Organization of the paper is as follows. A brief literature review is given in Sect. 2. In Sect. 3, the proposed representation for trajectories is introduced. Anomaly detection approach based on sparse representation of nearest neighbors is described in Sect. 4. Activity perception through clustering of trajectories using spectral clustering algorithm is presented in Sect. 5. Experimental results on both synthetic and real datasets are given in Sect. 6. Conclusion is the last section of the paper.

2 Related Work

Feature covariance matrices are first proposed and used as descriptors in [1]. The covariance descriptor basically enables to determine the distance between two instances by representing the instances by their features and their covariance matrix of the feature matrices. After it is proposed in [1] for object detection and classification, covariance descriptor is exploited to solve several computer vision problems such as visual tracking [2], action recognition [35], and saliency detection [6]. In all of these works, covariance descriptor is utilized as region descriptor. Some optical flow components are included in the feature vector, however, in none of them, covariance descriptor is used to describe a 2D time series.

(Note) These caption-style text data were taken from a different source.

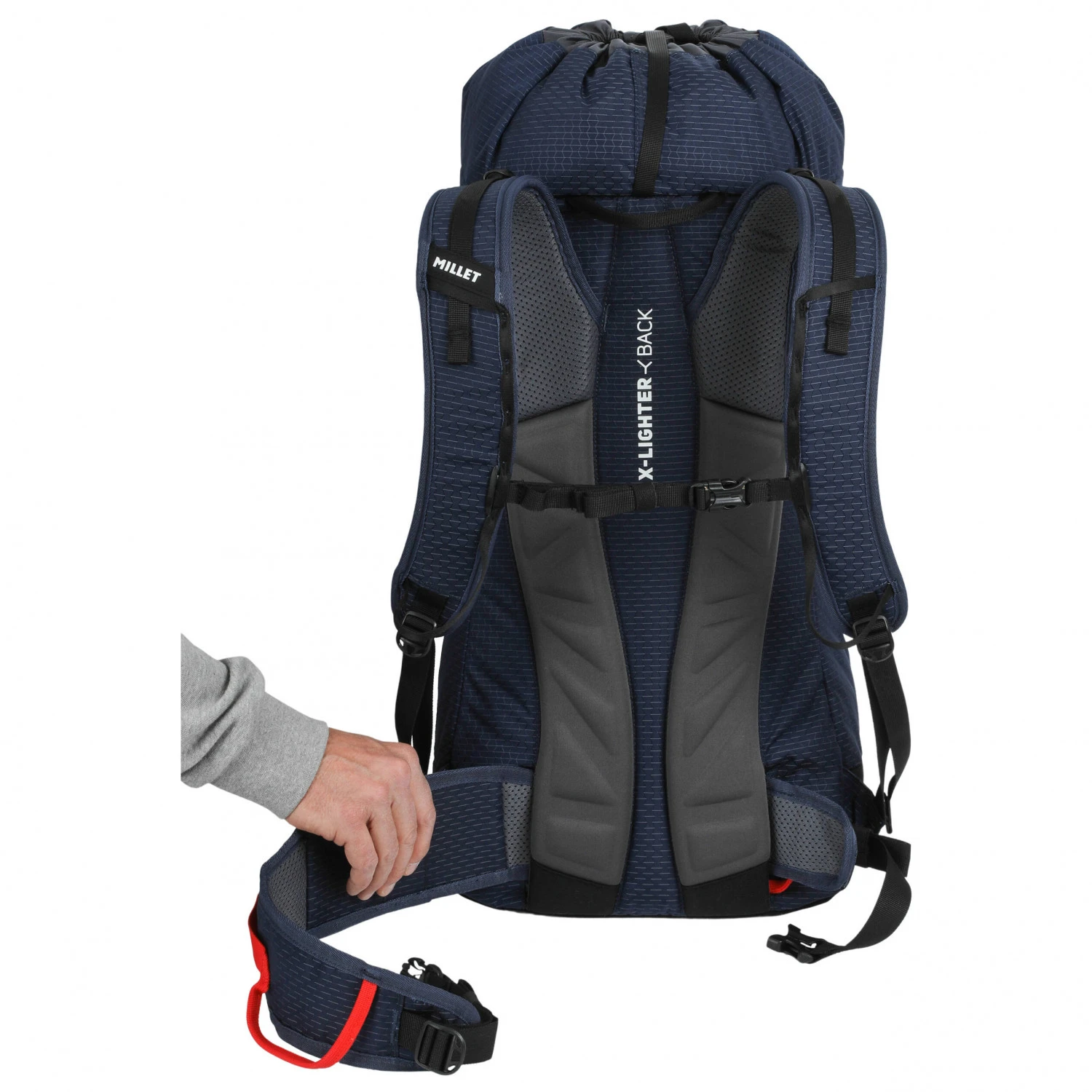 Millet Prolighter 30+10 - Mountaineering Backpack - Image 7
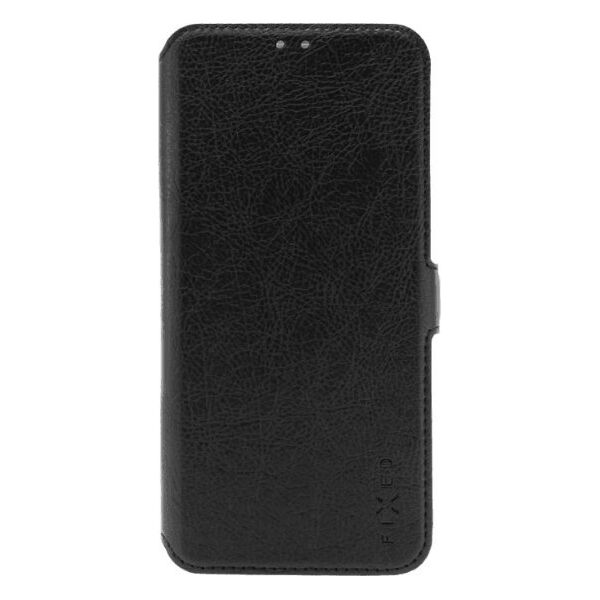 Fixed Fixed Topic Case Infinix Smart 7 HD Leather Black one size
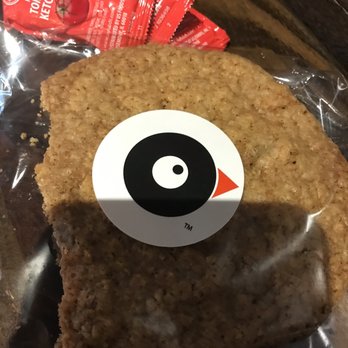 Ponko Chicken - Oatmeal chocolate chip cookie. After they delivered the wrong food and took it back I got hungry and broke a piece off. Don't judge me - Asian Fusion Near Me - Atlanta, Georgia Ponko Chicken - Oatmeal chocolate chip cookie. After they delivered the wrong food and took it back I got hungry and broke a piece off. Don't judge me - Asian Fusion Near Me - Atlanta, Georgia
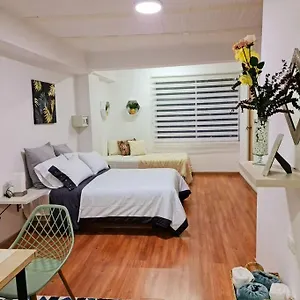 아파트 Apartamento Completo Tipo Loft 201 *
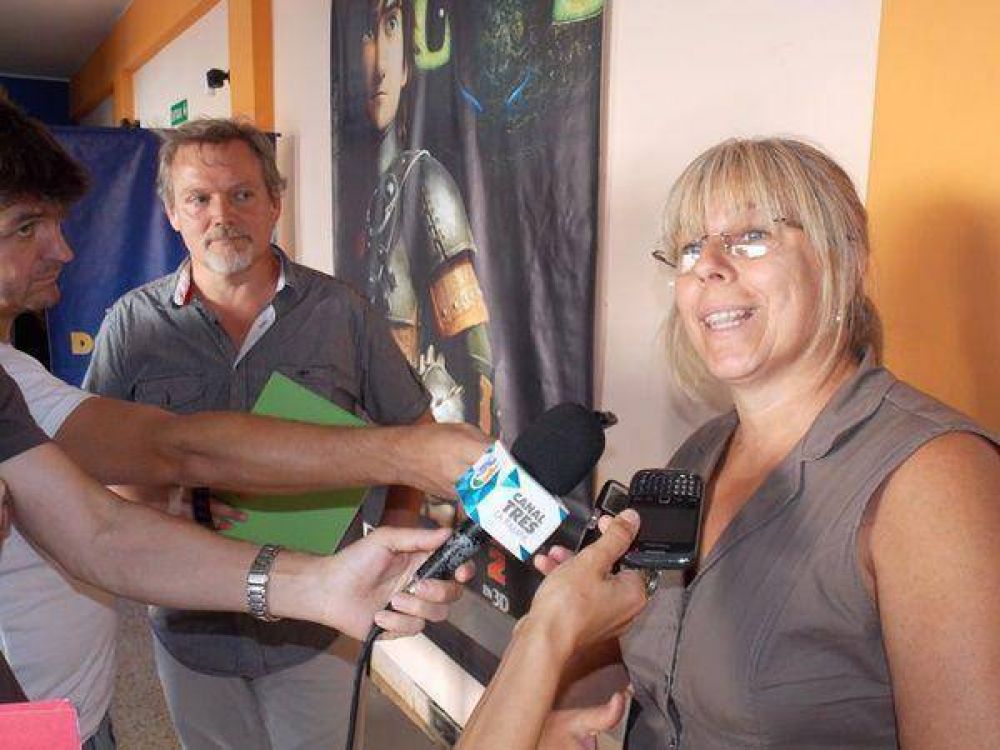 Cine Don Bosco anunci� sistema de venta online de entradas y nuevas pel�culas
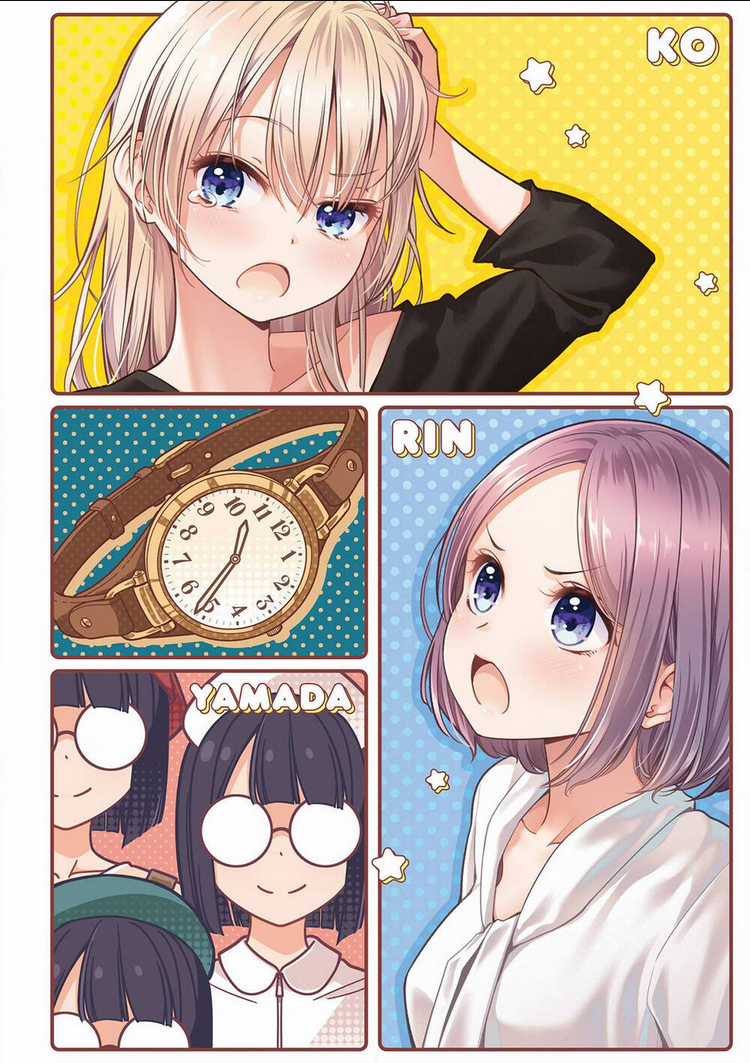 New Game! - Chapter 142 - Trang 8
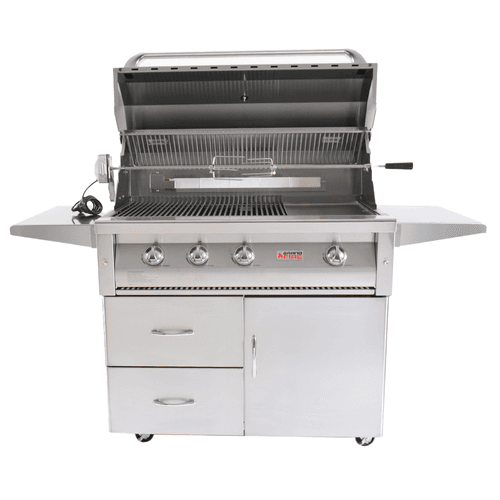 Grandfire Deluxe Series 42" BBQ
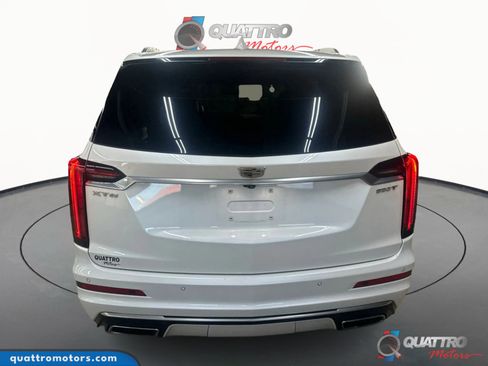 Used 2021 Cadillac XT6 Luxury FWD image 4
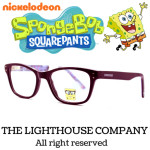 Детски оптични рамки Sponge Bob SBV029 506 47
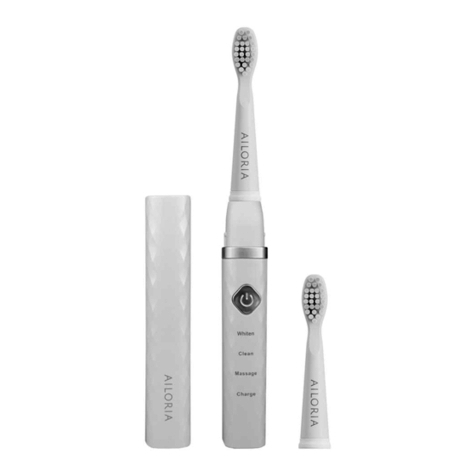 VEHNS GROUP LA VAGUE FLASH TRAVEL manual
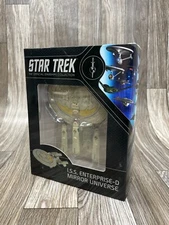 ISS Enterprise-D Mirror Universe (Eaglemoss Star Trek Bonus Editon)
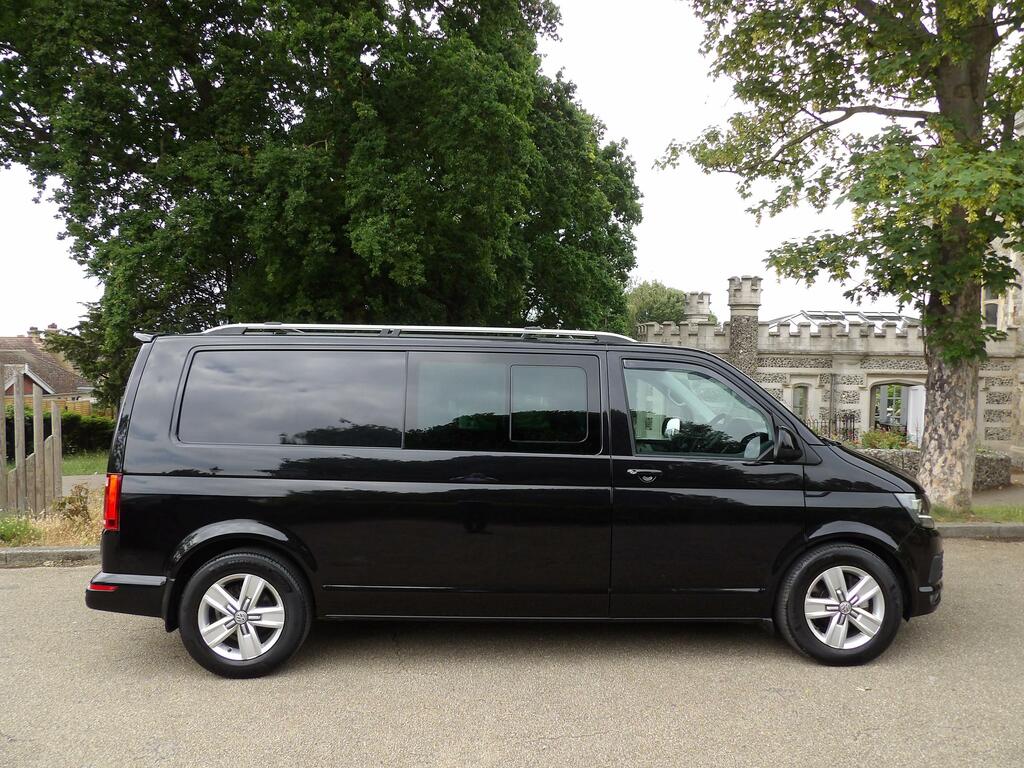 Volkswagen Transporter Combi Van 2.0 Bitdi T32 Bluemotion Tech Highline C Purple #16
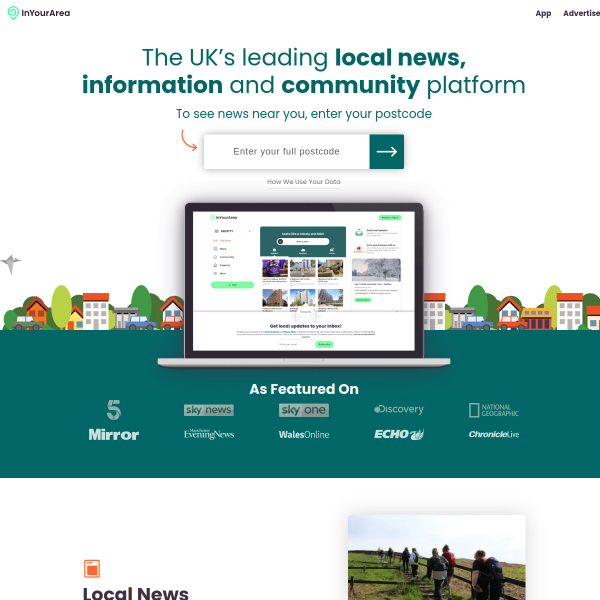 inyourarea.co.uk
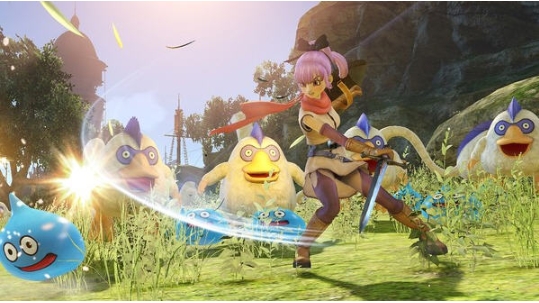 【PC/中文/豪华版/23.7G】勇者斗恶龙英雄集结II:双子之王与预言的终焉 Build.1832742 豪华中文版+23.7G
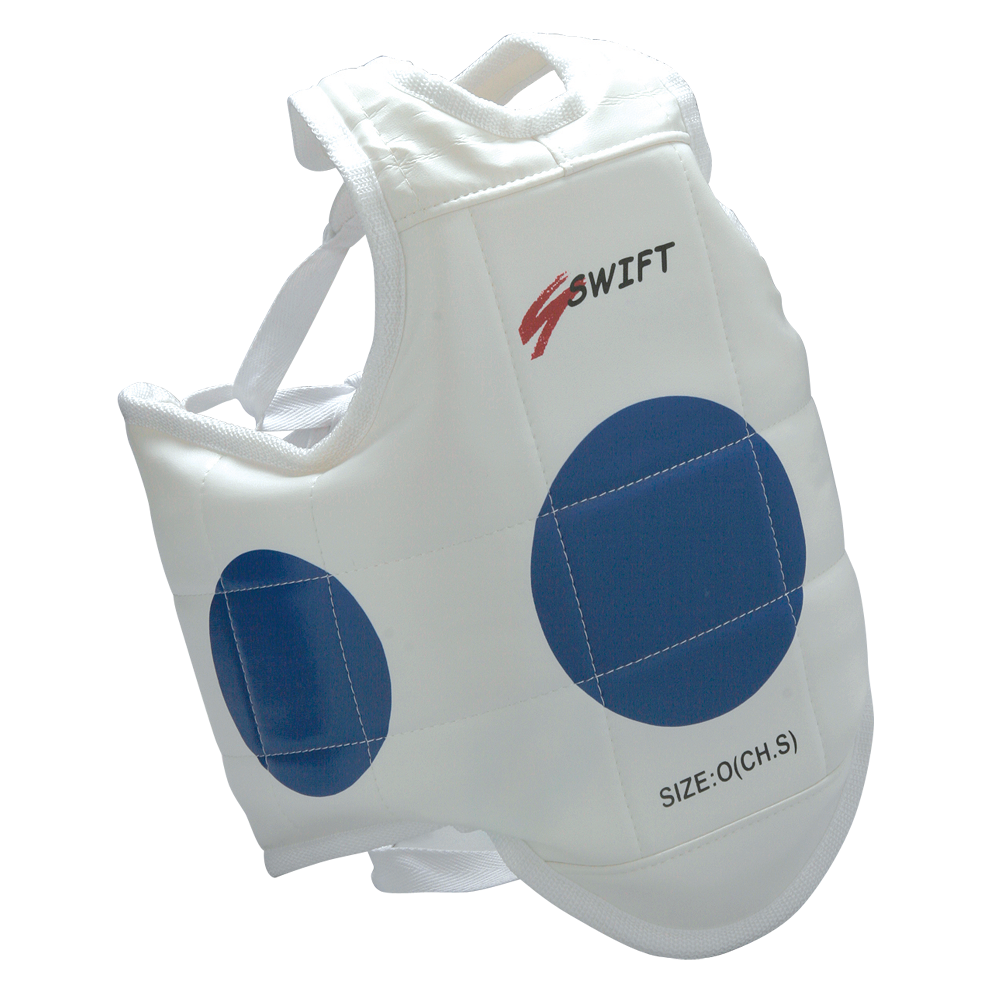Guard String Labeled Chest Guard, String Tie – SPEEDYKARATE.COM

Trajectory is a spatiotemporal feature for a moving object and carries information about its journey in the scene. Hence, it is important to get information about the activities and it is used for activity perception in previous works [79]. While analyzing trajectories, the critical point is the selection of proper distance measure. Several distance measures [7, 1014] for trajectories have been proposed so far. Two excellent review papers [15, 16] compare different distance measures for trajectories.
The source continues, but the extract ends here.